Soon-to-be UND grad and Ted Bibby rides bike year round as a way to keep in shape, brighten mood

This guy took the concept of "study abroad" to a whole new level. Actually, two levels: the Himalayas, for starters, and Antarctica for an encore.

Theodore "Ted" Bibby, a native of Jacksonville, Fla., graduates from the University of North Dakota this week with a Ph.D. in geology and geological engineering, with proven expertise in the use of cosmogenic isotopes to date rock and ice samples hundreds of thousands of years old.

And how does he take "time out" from his frigid-zone scientific adventures? He bicycles ? all year round ? something that might not be out of the ordinary in balmy Jacksonville, but, during a North Dakota winter, it's a bit of a challenge.

Bibby, whose advisor is geomorphologist Jaakko Putkonen, says it's been quite a ride here at UND, where he constructed, as part of his Ph.D. program, a cosmogenic isotope laboratory in the Harold Hamm School of Geology & Geological Engineering. It's the only such lab in the region.

Bibby has accompanied Putkonen on several teaching and research trips into the Himalayas during the course of his Ph.D. studies here at UND.

The rock-probing lab that Bibby built detects specific isotopes, or variant forms of certain atoms that "live" in rock samples, such as those that Putkonen and Bibby and their team of students brought back from Antarctica last year. It's all part of an interest that Bibby developed in Earth science classes in high school. He majored in geology for his undergraduate degree.

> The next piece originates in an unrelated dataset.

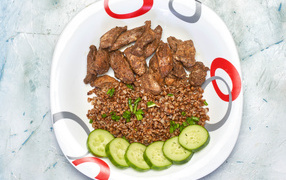 Buckwheat on a plate with meat and cucumbers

"We prepare the isotopes samples, and send them to a much bigger lab to be dated ? that tells us how old the rocks and the formations that we obtained them from are," said Bibby. This technology also is useful for dating glaciers, which may tell us more about how fast they move.

That's pretty slow compared to Bibby's other passion, cycling.

"I ride my bicycle all year around," said Bibby, who plans to move on to a post-doctoral research fellowship in his field. "There's a physical benefit, absolutely, but in addition, my mood is always better when I'm riding."